El circuito de reuniones que se inicia ahora en Bruselas puede durar unos dos años. No sólo los ministros sectoriales de los países de la UE tienen algo que decir sobre las tareas que deben llevar a cabo los comisarios europeos, sino también los grupos parlamentarios en el Parlamento Europeo. Y al final, los jefes de gobierno y de Estado de los países de la UE deben aprobarlo.
El ministro de Finanzas neerlandés (en funciones), Heinen, ha adoptado primero una postura negociadora en la que «Países Bajos están en contra de la propuesta actual». En una entrevista con el Financial Times calificó el presupuesto plurianual de «dead on arrival» (muerto al llegar). Heinen comunicó esto a los ministros de Finanzas de la UE que se reunieron la semana pasada en Copenhague tras el regreso del receso de verano.
Las negociaciones sobre el nuevo presupuesto plurianual europeo no solo determinarán la dirección financiera de la UE, sino también el futuro de la política agrícola. Durante la reunión de los ministros de Agricultura el lunes y martes quedó claro que las propuestas de cambio generan muchas dudas.

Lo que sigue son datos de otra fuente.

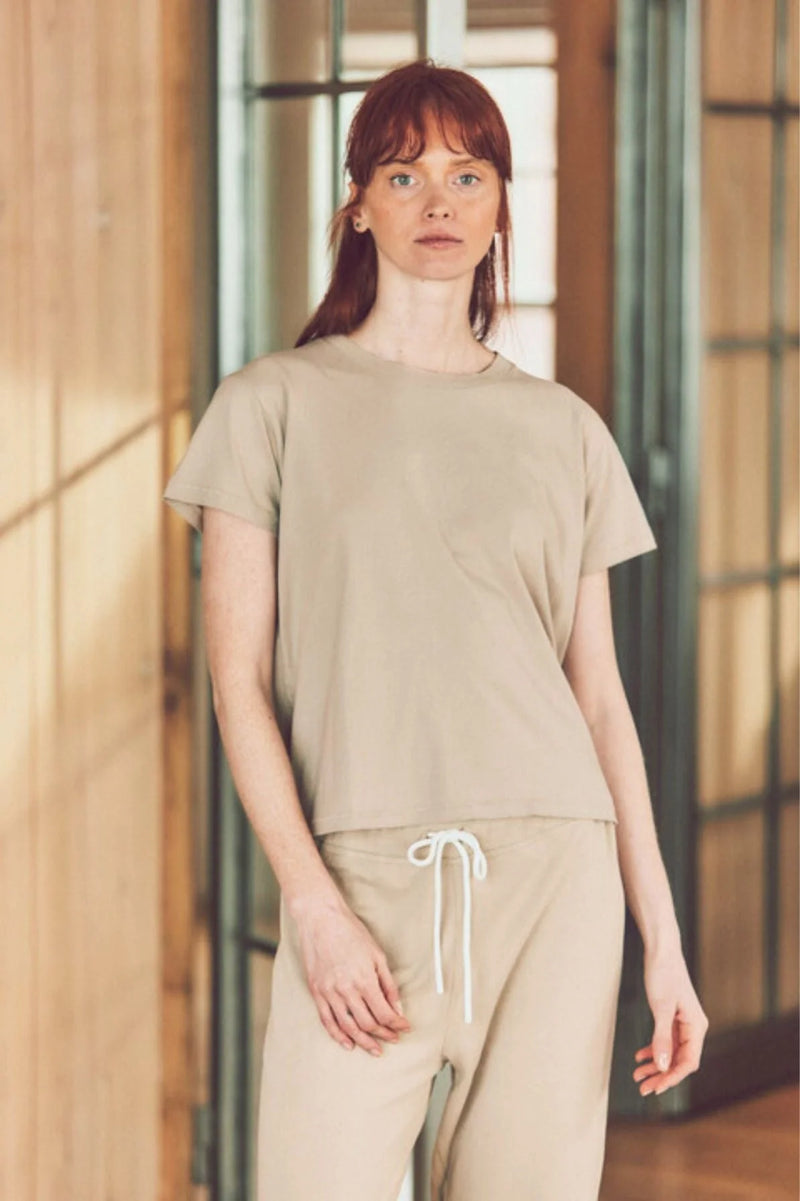 a model in a beige t-shirt and matching joggers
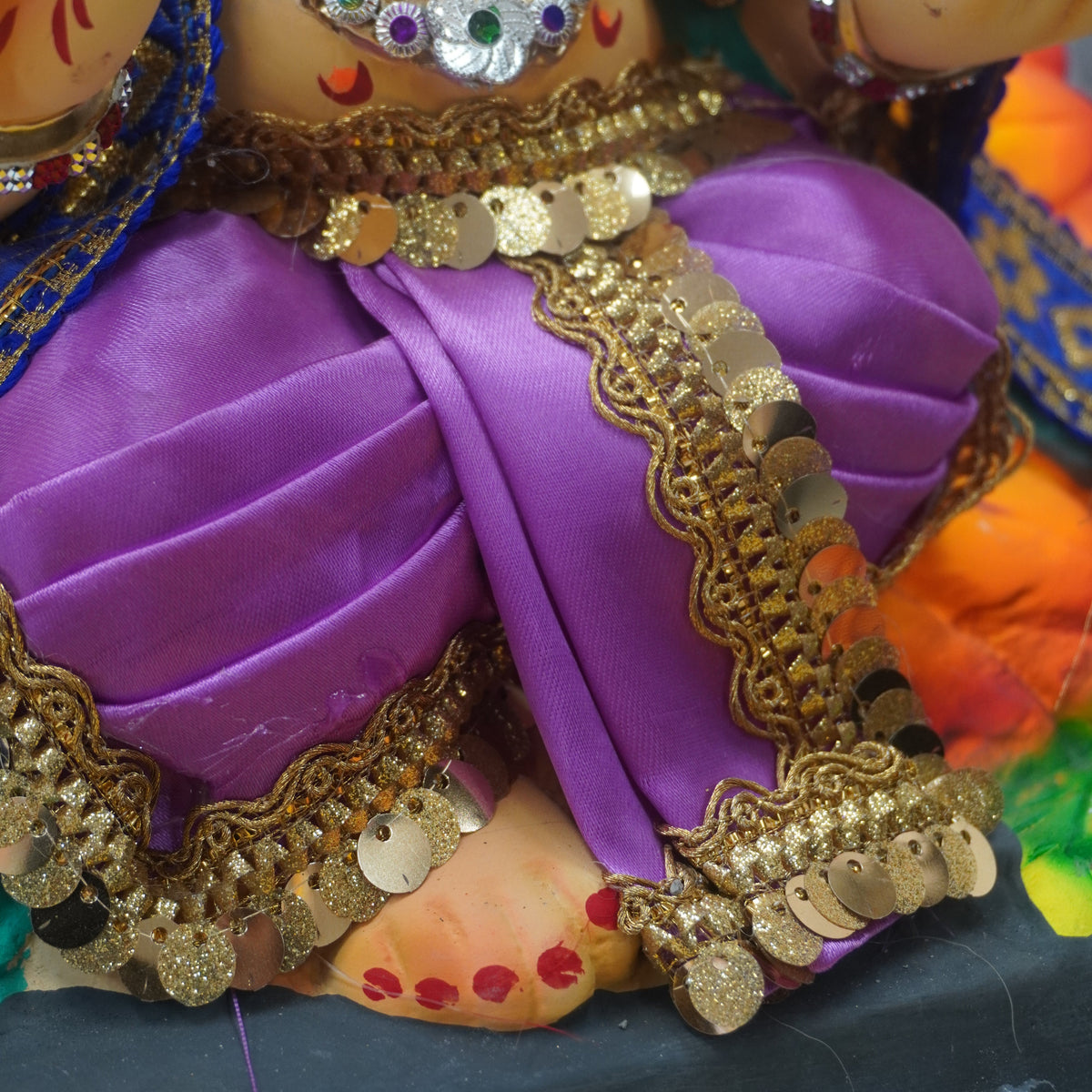 Close-up of a decorated Ganesha idol, showing the purple drape, gold coin embellishments, and colorful jewelry against a dark background.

Los ministros de Agricultura examinaron por primera vez la combinación de una nueva política agrícola y un nuevo presupuesto agrícola (mucho más bajo). La Comisión Europea quiere a partir de 2028 aglutinar el dinero destinado a agricultura en un gran fondo que también financie otras áreas políticas. Para el apoyo a los ingresos de los agricultores se reservarán al menos 293.700 millones de euros. Esa cantidad está fijada, pero los países tendrán más libertad para distribuir el dinero por sí mismos.
Este planteamiento encuentra resistencia. Muchos ministros de agricultura quieren mantener la estructura existente, con dos flujos de fondos separados: pagos directos a los agricultores y programas independientes para el desarrollo rural. Temen que la agricultura tenga que competir con otros gastos, lo que daría menos seguridad a los agricultores.
El presidente danés del consejo de agricultura subrayó que la UE necesita precisamente una política más sencilla, con atención a los jóvenes agricultores, seguridad alimentaria y la ecologización. En los próximos meses habrá nuevas discusiones al respecto, no sólo entre los ministros de agricultura sino también con sus homólogos de Medio Ambiente, Defensa, Finanzas e incluso los primeros ministros y presidentes de los países de la UE.
El jueves se celebrará en Bruselas una amplia consulta entre los miembros de la Comisión de Agricultura del Parlamento Europeo, junto con el comisario de Agricultura Christoph Hansen y la presidencia actual de la UE, Dinamarca. También las organizaciones agrícolas europeas darán su opinión sobre la propuesta para una nueva política agrícola y alimentaria europea (más limitada) para el período 2028-2035.